The Justice Department, for its part, decided not to pursue a possible criminal case against Mr. Mozilo (my emphasis).
This is in reference to a company that practiced “steering black and Hispanic borrowers to subprime loans while similarly qualified white borrowers got better terms.” This from a company whose CEO is descended from Italians who suffered indignities at the turn of the twentieth century analogous to those that Blacks and Hispanics have and continue to suffer. Between this, Capt. Schettino of the Costa Concordia, the East Haven (CT) Mayor’s reference to his seeming predilection toward “tacos,” and some of our antisemitic paesani, it has not been a good week for Italians/Italian Americans.
Po’eri noi!
While I find all of the above despicable, I am further disturbed by the anonymous letter I received this morning, on the eve of the “Giorno della Memoria” (Day of Remembrance), from someone, given its postmark, from my home town, someone, we might also presume from its closing, is, at the very least, of Italian descent.

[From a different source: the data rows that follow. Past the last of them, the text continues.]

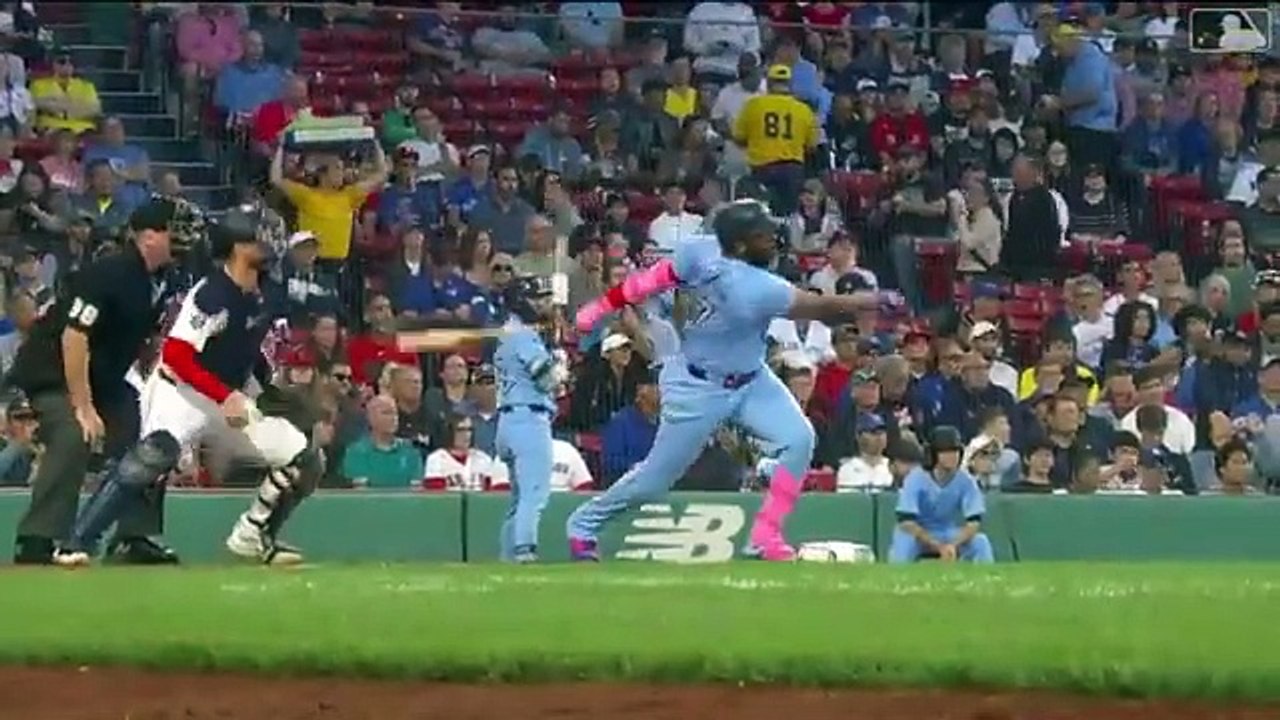 Blue jays vs Red sox Game Highlights (8-29-24) mbl highlights.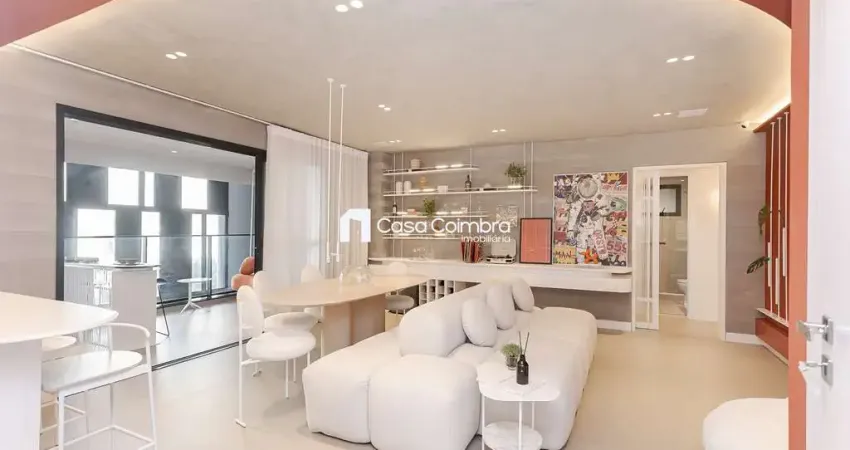 Apartamento com 3 quartos à venda na Rua Guilherme Pugsley, 1352, Água Verde, Curitiba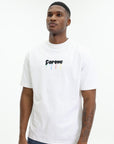 Capone T-Shirt Lego Drip White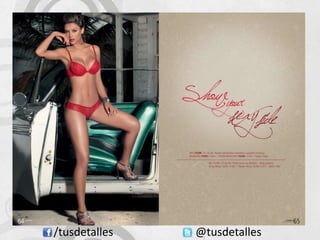 /tusdetalles                             @tusdetalles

The West Side of Stamford, Connecticut was the working-class Italian section of town where I lived through 1973, when I left a high-school teaching position in order to pursue a Ph.D. in Italian. Stamford was where many Italian immigrants settled, be they the ones “right off the boat,” be they the others who moved to Connecticut in order to escape having to pay the “pizzo” in New York City because, as in one instance, they had a dress shop and were visited regularly by the local racketeers. That there were epithets thrown about over the years, especially in Italian, this, one cannot deny. But what I can state from my own experience is that there were never any fundamentally inhuman articulations of hate, as this cowardly anonymous letter expresses.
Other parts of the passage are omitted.